§ MATERIAL FOR THE TASK
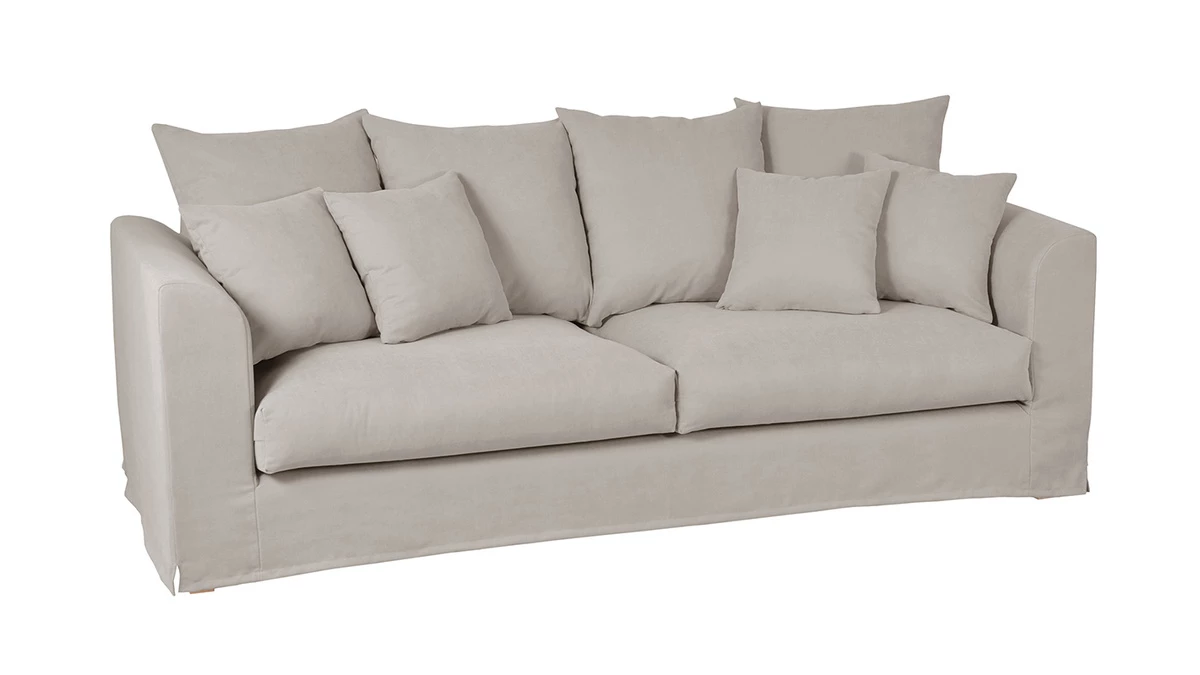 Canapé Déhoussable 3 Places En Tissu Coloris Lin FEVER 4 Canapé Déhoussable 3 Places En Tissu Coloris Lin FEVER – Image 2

...

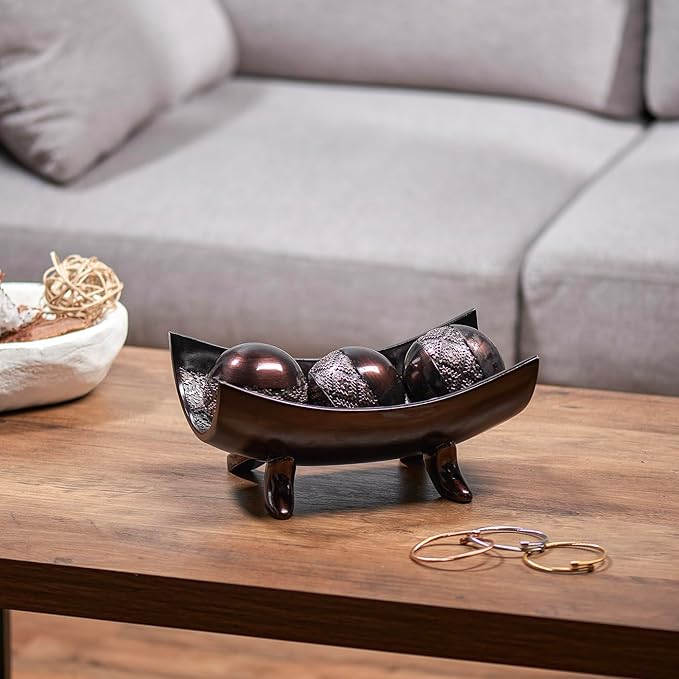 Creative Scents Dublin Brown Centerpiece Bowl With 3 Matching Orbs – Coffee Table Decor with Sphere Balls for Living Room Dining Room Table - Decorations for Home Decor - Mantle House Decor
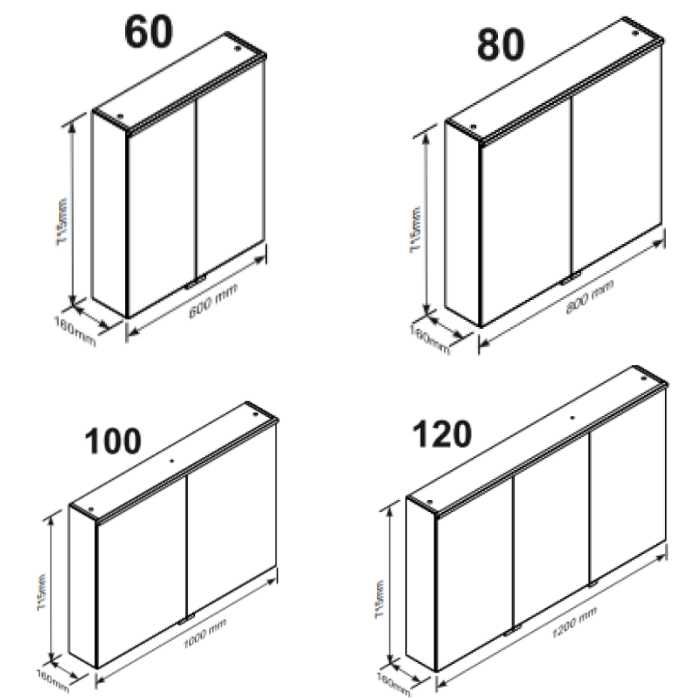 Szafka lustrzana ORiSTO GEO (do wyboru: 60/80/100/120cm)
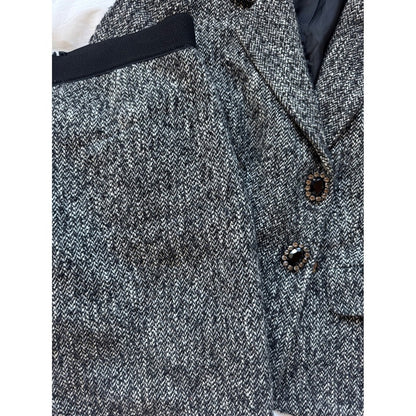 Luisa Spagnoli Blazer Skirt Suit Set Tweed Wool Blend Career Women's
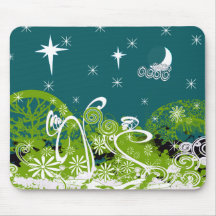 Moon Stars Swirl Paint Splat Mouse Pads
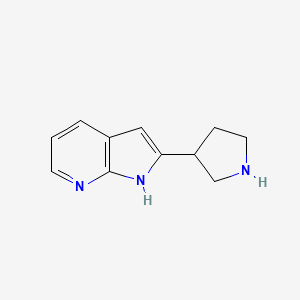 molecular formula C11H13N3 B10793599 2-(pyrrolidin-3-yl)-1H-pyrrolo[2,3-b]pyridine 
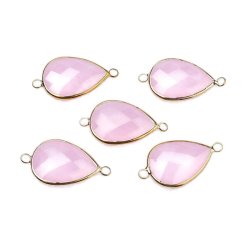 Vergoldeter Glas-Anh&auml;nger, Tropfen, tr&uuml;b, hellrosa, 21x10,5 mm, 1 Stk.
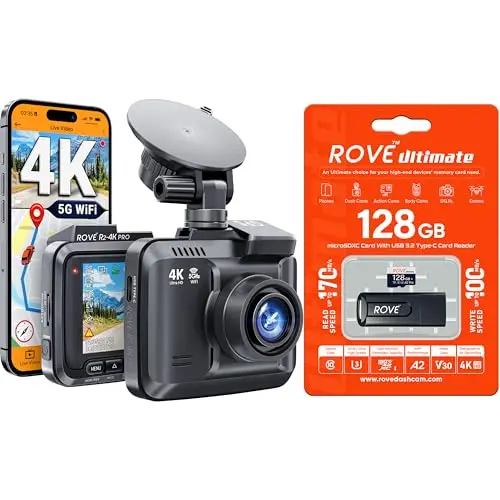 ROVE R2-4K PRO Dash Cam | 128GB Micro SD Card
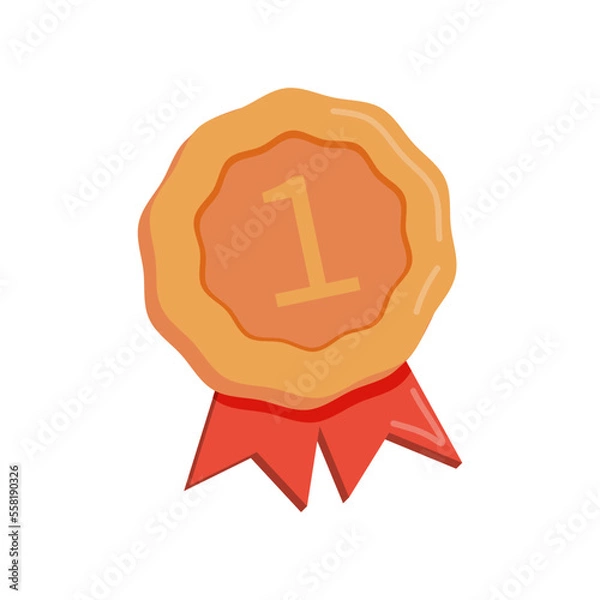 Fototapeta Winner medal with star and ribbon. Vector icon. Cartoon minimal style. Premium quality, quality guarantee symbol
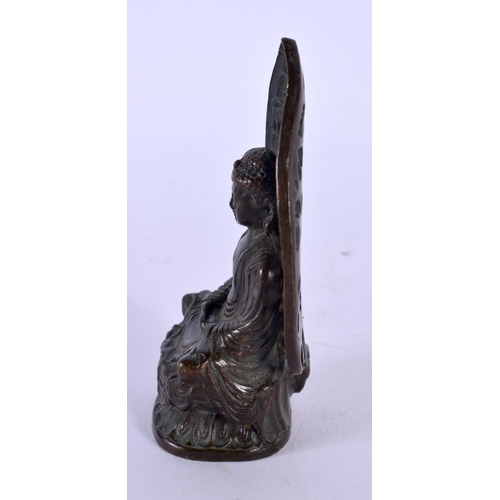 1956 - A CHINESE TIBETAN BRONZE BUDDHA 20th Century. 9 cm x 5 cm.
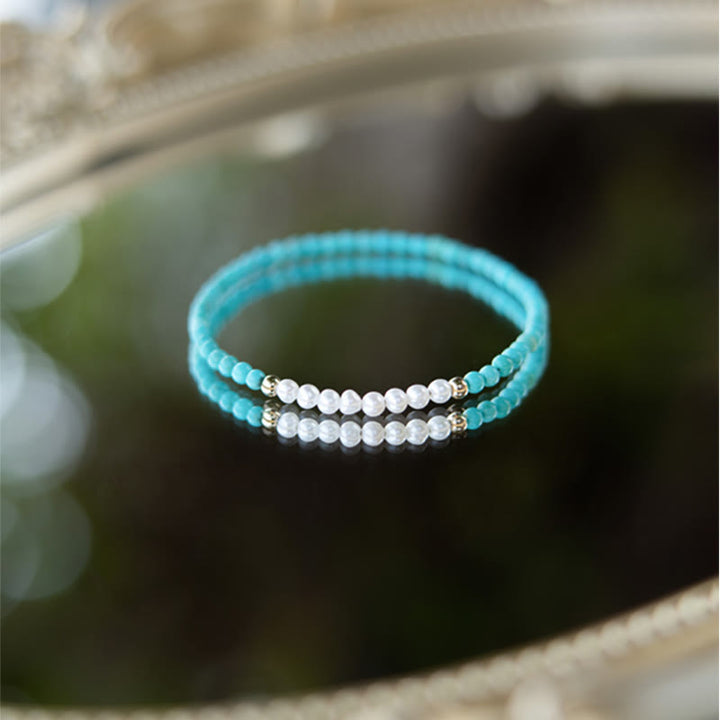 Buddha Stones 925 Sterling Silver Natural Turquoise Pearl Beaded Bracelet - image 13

...

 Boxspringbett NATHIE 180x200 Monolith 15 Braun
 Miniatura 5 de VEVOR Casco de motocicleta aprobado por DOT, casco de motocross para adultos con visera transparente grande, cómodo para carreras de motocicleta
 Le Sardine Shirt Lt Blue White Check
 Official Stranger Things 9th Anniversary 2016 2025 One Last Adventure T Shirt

§ YOUR TASK
Work through the data above line by line and give the number of lines in which "Shirt" occurs. Add nothing else.

§ OUTPUT
2